As we looked at suspensions, we are on pace to reduce total suspensions by 15% when compared to last year. Further analysis of these numbers shows a reduction of suspensions for all of our identified subgroups.

JFK has used multiple sources of quantitative and qualitative data to measure the success of the PLC goals. Student Development and success is measured through A-G numbers, student pass rates, and student enrollment in Honors and AP coursework. In 2006, the A-G rate for JFK graduates was 23%. In 2018, 59% of JFK seniors were A-G eligible. That is more than double the number in 12 years. Seniors are also interviewed as they graduate to share what made the biggest difference in eligibility. In 2011, 11% of JFK students were enrolled in an Honors or AP course. This year that number has grown to over 46%. This data is compiled and shared with all members of the PLC. The most valuable data collected for student development are the student requests which lead to the development of the master schedule. Data collected measures how prominent the strategies are in our classrooms. Data collected from Instructional Rounds is shared with staff and other stakeholders as well. In April of 2018, Instructional Rounds data revealed that at least 1 of the Big Three strategies were being used in 66% of classrooms school-wide. In addition, results showed that 16% of students were working at level 1, 22% were at level 2, 41% were at level 3, and 21% were working at level 4 in the Depth of Knowledge. Since 2013, 12 athletic teams have earned recognition of NCS top Academic Team, and have received banners for their accomplishment.

A comprehensive parent survey was given at the end of the 2018 School Year in an effort to collect data about how parents felt about the changes at Kennedy. The results from the survey showed that 85% of all parents agreed that Kennedy creates an environment that helps children learn. 92% of parents agreed that Kennedy values the diversity of Children’s background, religions, and beliefs. 82% of parents agreed that Kennedy’s communication about their child’s academic progress is understandable and timely. 86% of parents agreed that Kennedy encourages all students to enroll in challenging courses regardless of racial, ethnic, or socio-economic background. 78% of parents agreed that Kennedy provides effective counseling and social-emotional support for students. 85% of parents agree that Kennedy promotes parental participation in school. 86% of parents agree that Kennedy makes them feel respected and welcome when they visit.

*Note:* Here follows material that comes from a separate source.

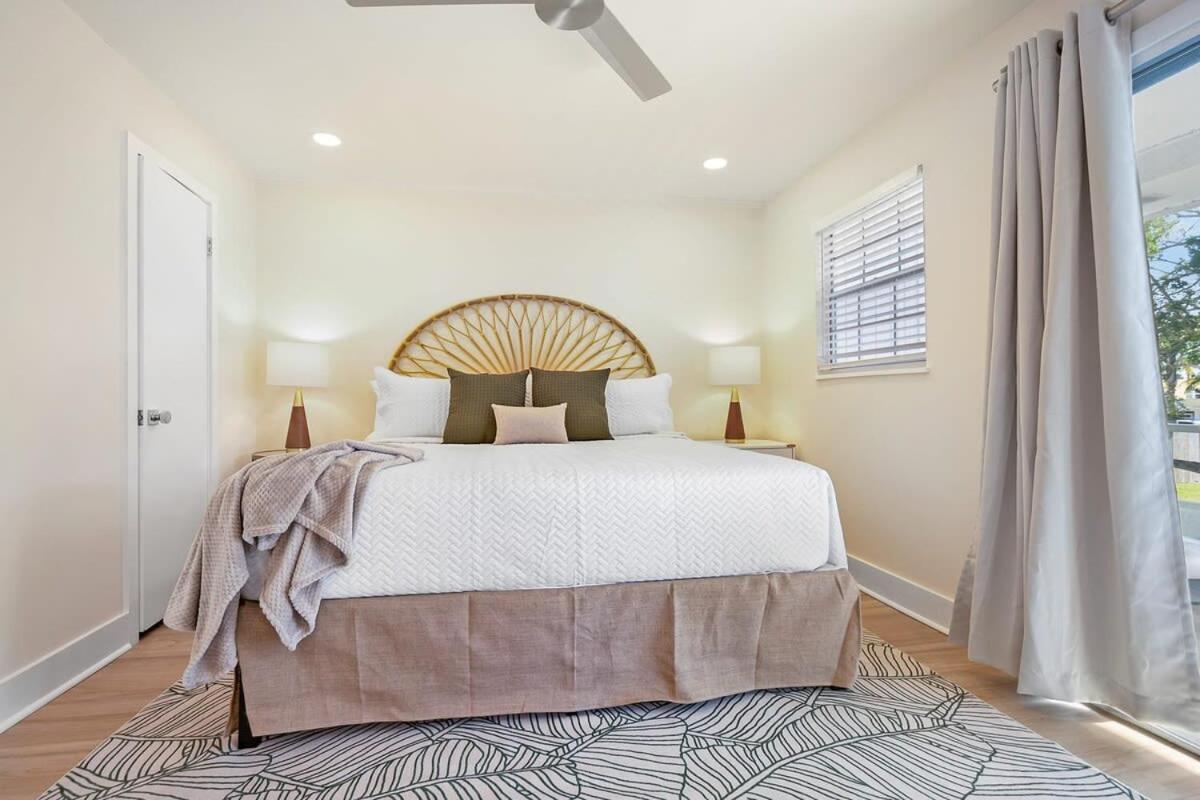 Fido Friendly Sun And Fun Walk To Dt Free Parking Holiday home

In June of 2018, the leadership team conducted a survey of our Titan Up Time with both staff and students. The results showed that 85% of both staff and students were in favor of continuing the model. We then surveyed students and asked for suggestions and needs for future supports. Using this feedback, we have continued to evolve to meet the needs of all students through data analysis, surveys, and reflection on professional practice. The final measure of success in regards to this program is that the Department of Education and State Superintendent Tony Thurmond has recognized our school as a California Distinguished School. Kennedy high School receives this honor for our efforts and success in closing the achievement gap and showing academic growth for ALL student groups. This is data and a measure of success that cannot be ignored, as it is the first time John F Kennedy High School has ever been recognized for this honor.